# [EXERCISE OBJECTIVE]
Take the records below and set down exactly the lines from the one with "NACHLYNN 100 Blatt" to the one with "Ruedesheim Rhein mit", ends included; do not copy the pictures.
*** THE DATA ***
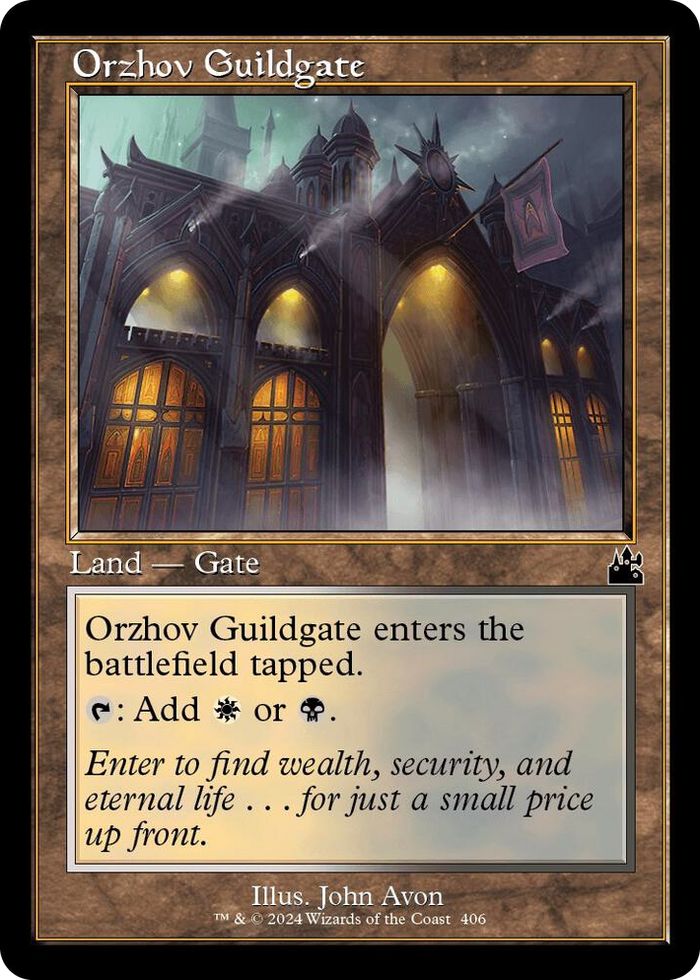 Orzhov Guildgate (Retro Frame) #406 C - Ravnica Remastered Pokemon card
*** End of THE DATA ***
*** THE DATA ***
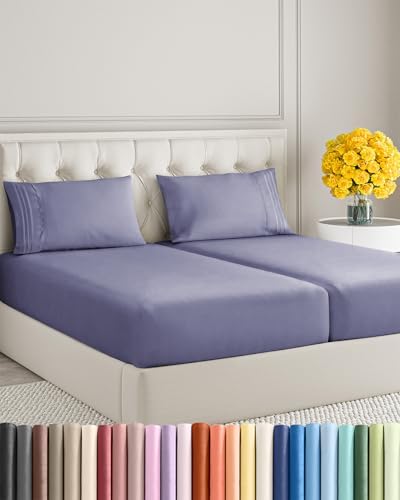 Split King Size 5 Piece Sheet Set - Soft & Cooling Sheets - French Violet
*** End of THE DATA ***
*** THE DATA ***
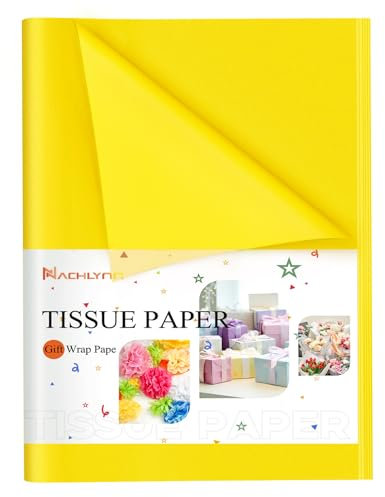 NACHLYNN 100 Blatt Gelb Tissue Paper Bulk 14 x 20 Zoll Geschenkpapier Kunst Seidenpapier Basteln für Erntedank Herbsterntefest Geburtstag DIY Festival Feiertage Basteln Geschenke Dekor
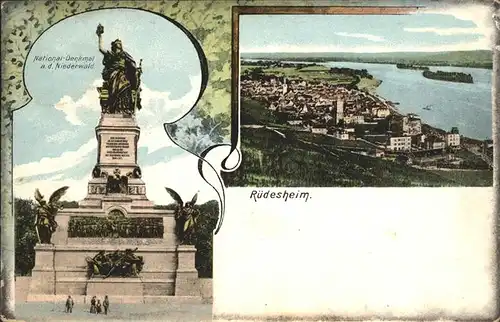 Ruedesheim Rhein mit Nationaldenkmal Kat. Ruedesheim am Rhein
*** End of THE DATA ***
# [WRITTEN RESPONSE]
 NACHLYNN 100 Blatt Gelb Tissue Paper Bulk 14 x 20 Zoll Geschenkpapier Kunst Seidenpapier Basteln für Erntedank Herbsterntefest Geburtstag DIY Festival Feiertage Basteln Geschenke Dekor
 Ruedesheim Rhein mit Nationaldenkmal Kat. Ruedesheim am Rhein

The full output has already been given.